(Captioned web image data)

"""

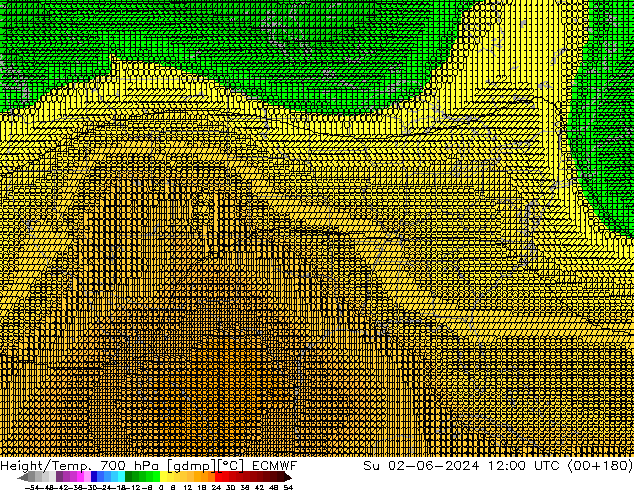 Height/Temp. 700 hPa ECMWF Ne 02.06.2024 12 UTC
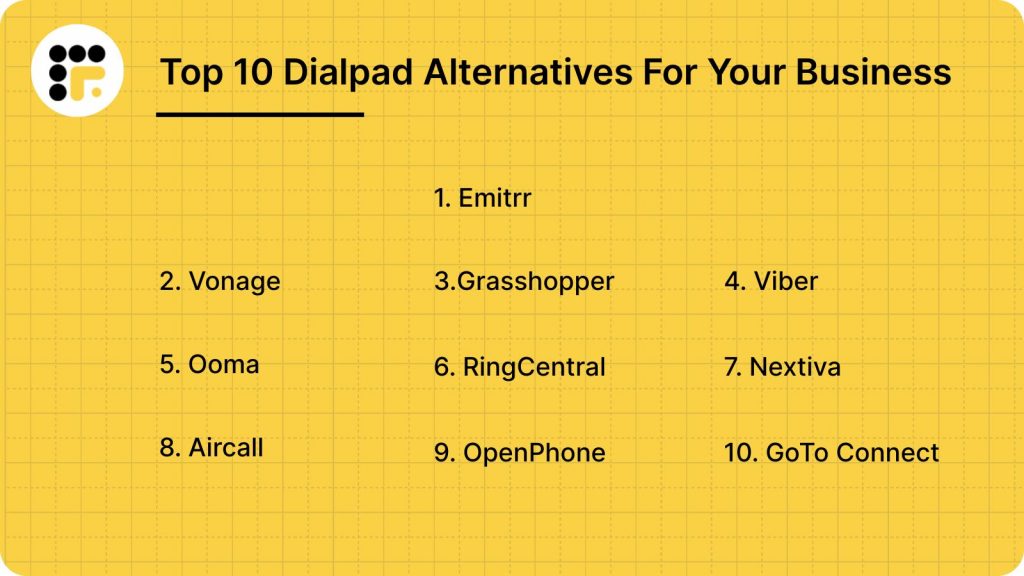 Top 10 dialpad alternatives for your business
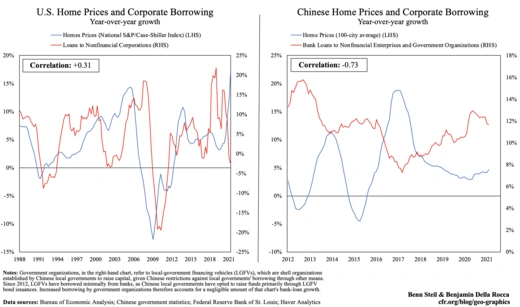 China's Merry-Go-Round of Debt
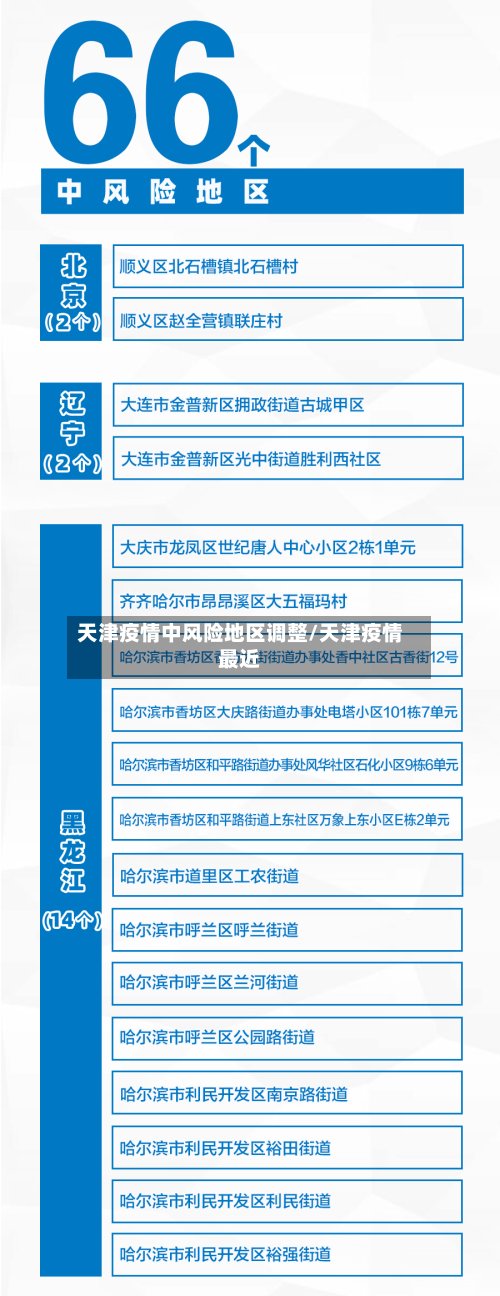 天津疫情中风险地区调整/天津疫情最近-第2张图片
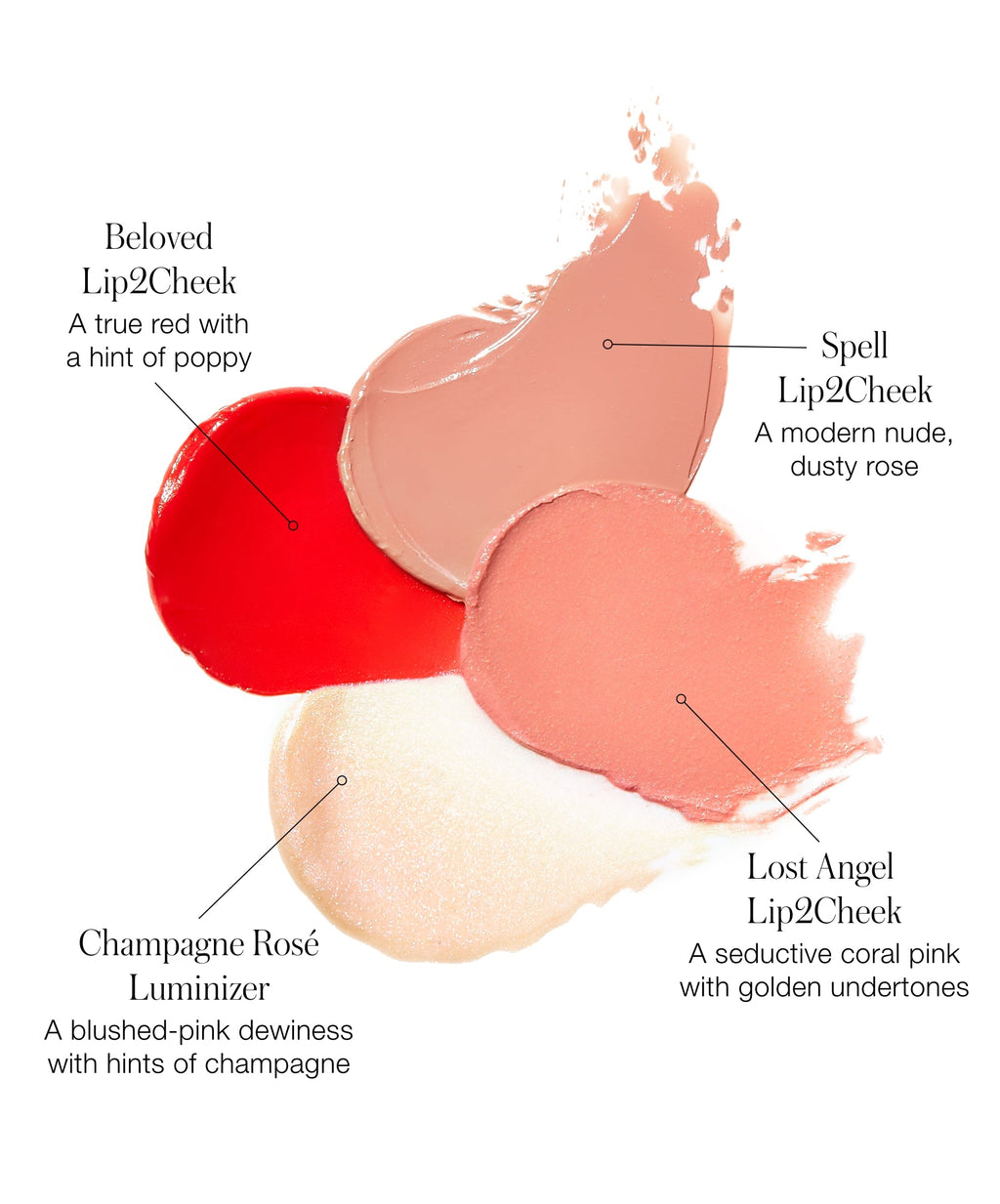 Lip2Cheek Glow Quad Mini - Polished Daily Care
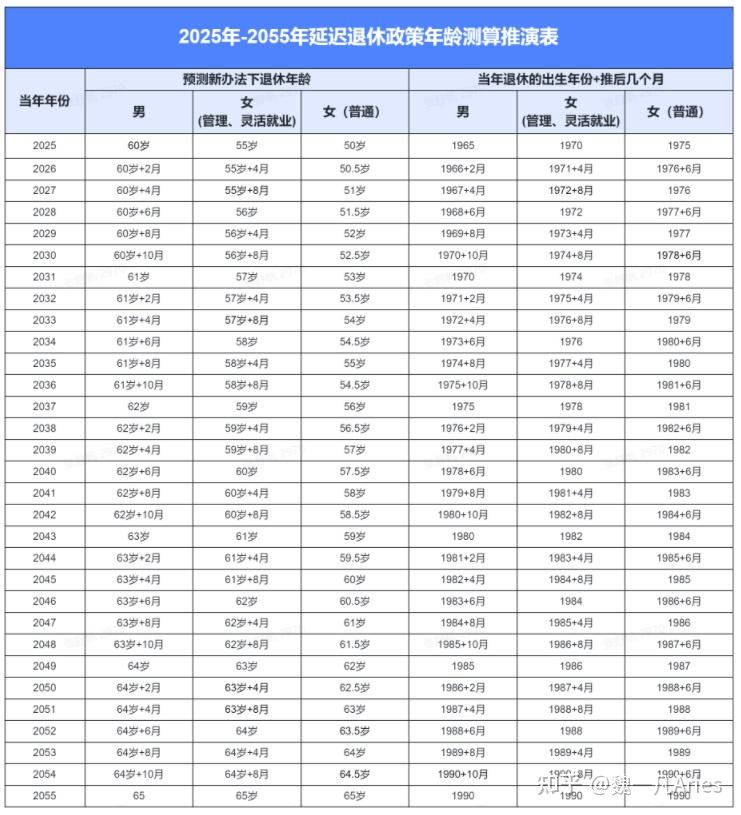 90后的我们，是不是真得65岁才退休（附退休年龄推演表） - 知乎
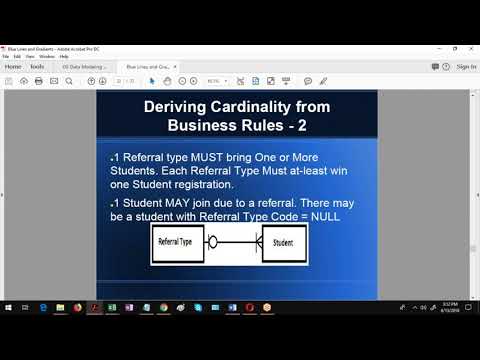 Online Advanced Data Modeling Training Demo from www LearnDataModeling com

"""

### EXERCISE:
What is needed here is an exact copy of all the entries, without the pictures.

### SOLUTION TO THE EXERCISE:
 Height/Temp. 700 hPa ECMWF Ne 02.06.2024 12 UTC
 Top 10 dialpad alternatives for your business
 China's Merry-Go-Round of Debt
 天津疫情中风险地区调整/天津疫情最近-第2张图片
 Lip2Cheek Glow Quad Mini - Polished Daily Care
 90后的我们，是不是真得65岁才退休（附退休年龄推演表） - 知乎
 Online Advanced Data Modeling Training Demo from www LearnDataModeling com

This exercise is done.